While it is not absolutely necessary, nor was it the original motivation of the 6-2-10 system for the productivity per productive resource (person/office/computer/etc) to be higher, my expectation is for it to be higher. That is, I really feel that a focused 5-hour work day can and will be much more effective than a long 12-hour day.

Life is short, we should try to do more in less time to extend the effective longevity.

Superstars and Cheap Labor

ugh! Feel kind of low having attempted to gracefully sent off two co-founders from evening of fairly heated discussion of our startup ideas.

There was a moment of genius though. There are two kinds of people one would want to recruit if one were to startup a company in one’s spare time, while working diligently, efficiently, and full time, about  hours a day (sorry, just covering ass in case you are my boss or co-worker, and these are the honest truth).

Once, I had a great boss. great guy, smart, funny, easygoing, and very handsome, impeccably dressed, hair-gelling, hybrid-driving, latte-drinking, Stanford PhD’ing, boss… He has this constant preoccupation with recruiting “superstars”. At the time, I didn’t really have any appreciation for this concept of what a superstar is and what  he does and why my boss really really wants to recruit them. (I mean, weren’t I super enough for you? ;~(….

So now come a time when I consider organizing my own thing. and suddenly it hits me. There was a second type of recruiting that he did, which was that he had a lot of cheap engineers (one of which I was, apparently… not as cheap as most, but still, not superstar pay-grade at the time). There were quite a lot of cheap labors in our group under my boss’s organization. And constantly he seeks superstars.

When it come time for me to make these considerations, suddenly I feel that I have bifurcated desire. One the one hand. I really want to have a coupla people who doesn’t need a lot of pampering (and salary/options, but let that be said parenthetically). You know, the guys who are experienced enough to just hunker down and type out code, and doesn’t demand being praised/bonused/paraded in front of the team for all the accomplishments.

But on the other hand, I find myself unthinkingly wanting. I want a person who takes larger than deserved pride in even one line of code written. I want a guy who types

printf(“hello world!”);

and stands up and raises his fist and says to the team: “Hello!” as if he has lifted the world and spun it around the sun.

I am uncertain where this desire stems. Perhaps due to my own vanity. Certainly there are times when I write a recursion and feel like I am one of a thousand people in the world who can do that. And be that as it possibly may(perhaps around 50k? Interview question after solving a problem: estimate the number of people who in similar situation can write that code), the swell of pride and happiness and relief and forgetting all else, so overwhelming, so high, better than drugs, and cheaper too… 

I want a person like that. Because we would agree on the same thing and s/he would shine and design things according to principles, efficiency, robustness, maintainability, marketability, big-O’s, k-factors, r-naughts, and whatnots. And it would be a superstar who can make things happen when I need it and the way I need it, and most important to me: Make the world spin for us.

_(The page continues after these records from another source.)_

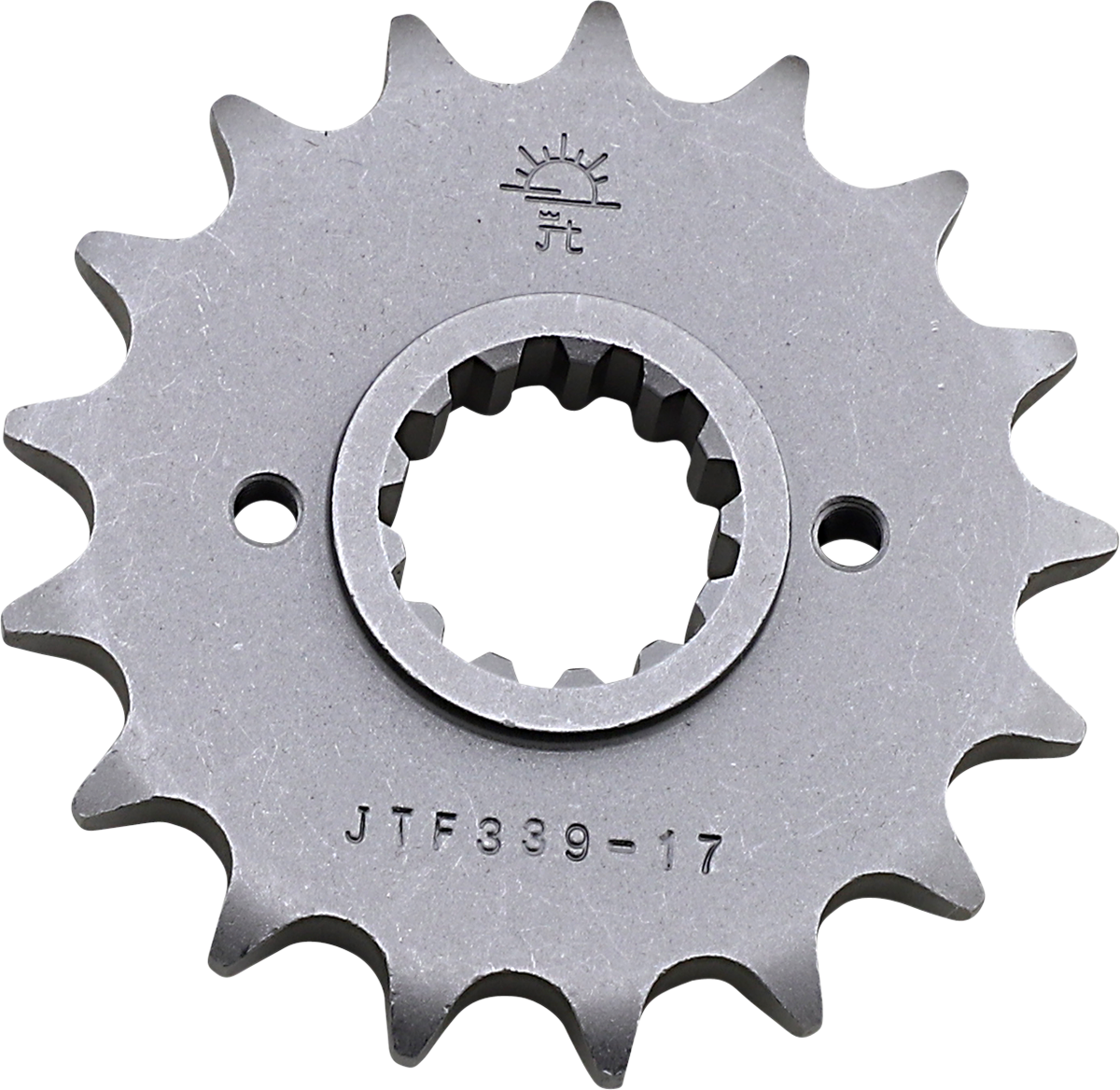 JT SPROCKETS Countershaft Sprocket — Honda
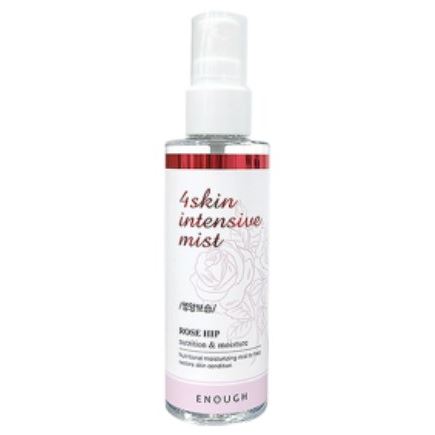 Enough Face Care 4 Skin Intensive Mist  Спрей для лица питательный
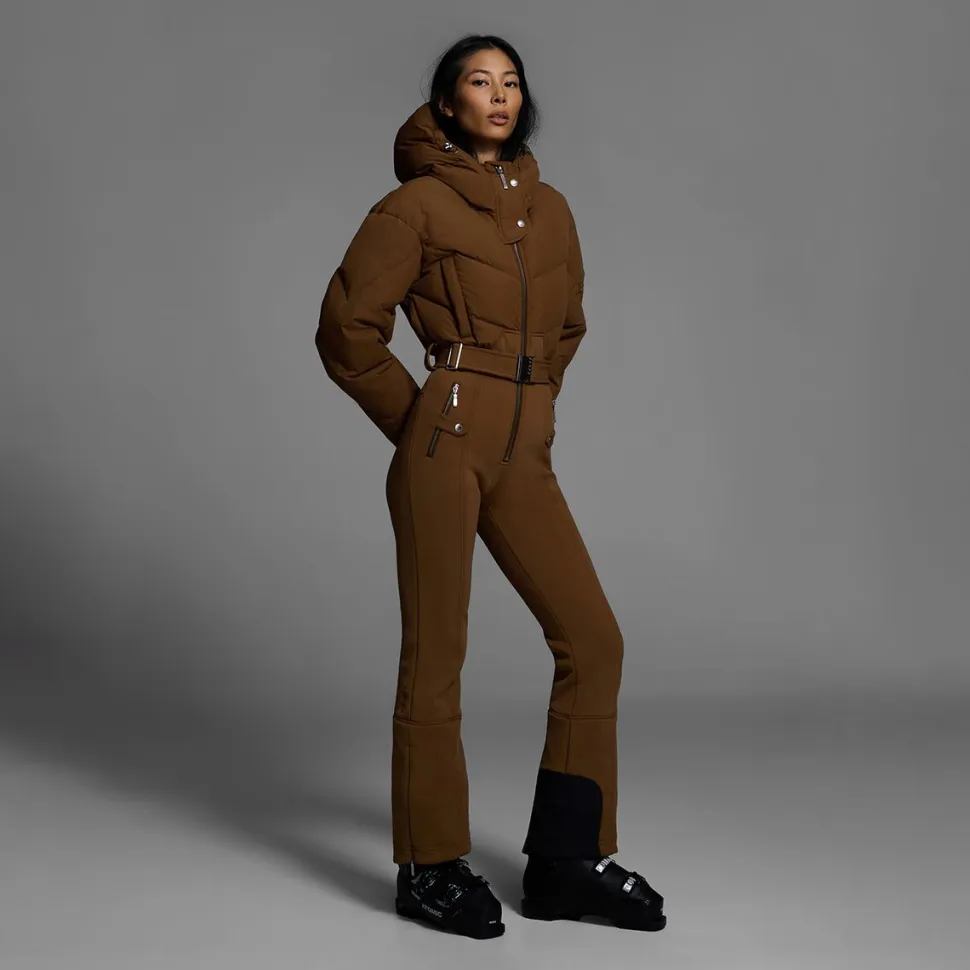 Ajax Snow Suit - Women's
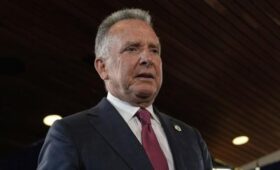 ТАСС: самолет спецпредставителя США Уиткоффа приземлился в Москве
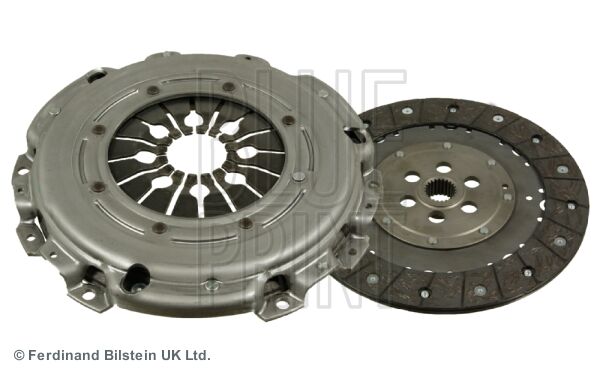 DEBRIYAJ SETI MONDEO III 04>07 2.2 TDCI RULMANSIZ | OEM:5S717540DA-1422228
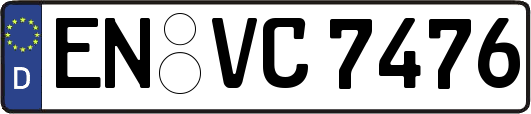 EN-VC7476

Thus, this leaves us with two types of recruitment, forsaking many acceptable social standards and enforcible laws: Cheap labor and Super stars!

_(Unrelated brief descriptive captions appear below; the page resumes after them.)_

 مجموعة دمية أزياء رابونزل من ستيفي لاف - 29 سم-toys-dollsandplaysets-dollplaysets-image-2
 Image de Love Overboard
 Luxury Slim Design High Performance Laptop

  • I need Cheap Labor, and
  • I need Superstars!

And who amongst you think you don’t, must be running a fool’s errand.

Anyway, the core issue here is actually not the existence of this bifurcation but what is fair compensation. All men are created equal, and for the most part, on the average, they work as hard as one another. And I expect each to even if they are cheap or super.

And the question remaining frozen in the airspace in my living room: should they be compensated differently??